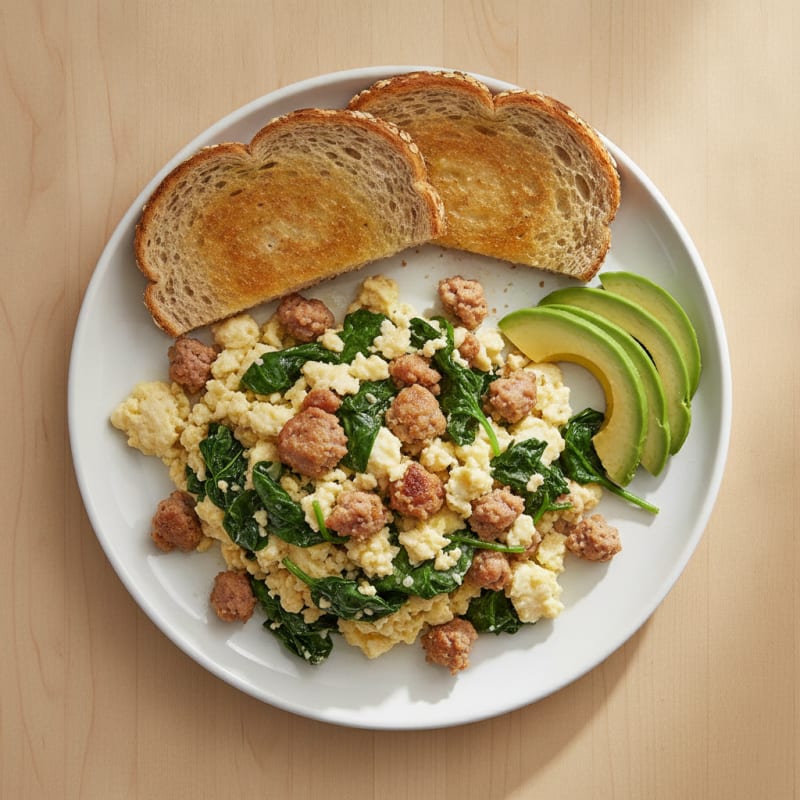 Egg White Scramble with Turkey Sausage and Sautéed Spinach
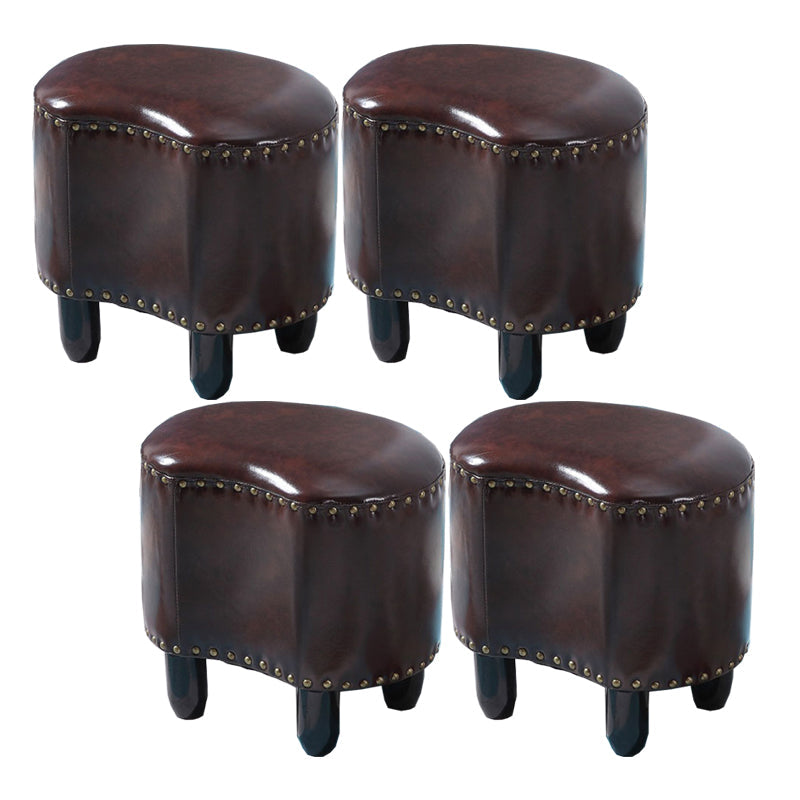 Modern Irregular Leather Ottoman Water Resistant Footstool Ottoman with Nailhead Trim 16.5"L x 12"W x 16"H Coffee 4 Piece Set Clearhalo 'furn' 'furn_ottomans_poufs' 'Furniture' 'Living Room Furniture' 'Ottomans & Poufs' 'ottomans_poufs' 5770964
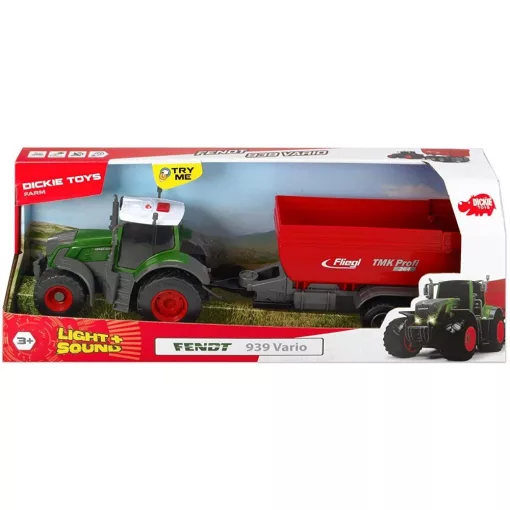 Dickie Toys Farm Series - Fendt traktor utánfutóval, fénnyel és hanggal 42cm (203737002)
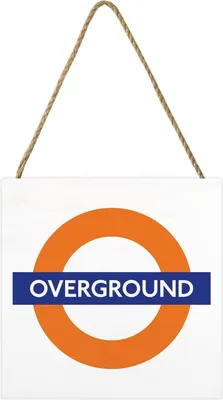 Immagine prodotto di Londra - Blocco di legno "Overground" PM11695 (2,7 cm x 20 cm x 20 cm) (Bianco/Arancione/Blu)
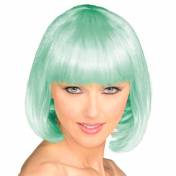 Perruque mi-longue turquoise avec frange style cabaret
----------
REQUIREMENT
Write out exactly the lines from the one containing "Dickie Toys Farm" through the end of the entries, both included. Pictures are not copied.

EXERCISE SOLUTION
 Dickie Toys Farm Series - Fendt traktor utánfutóval, fénnyel és hanggal 42cm (203737002)
 Immagine prodotto di Londra - Blocco di legno "Overground" PM11695 (2,7 cm x 20 cm x 20 cm) (Bianco/Arancione/Blu)
 Perruque mi-longue turquoise avec frange style cabaret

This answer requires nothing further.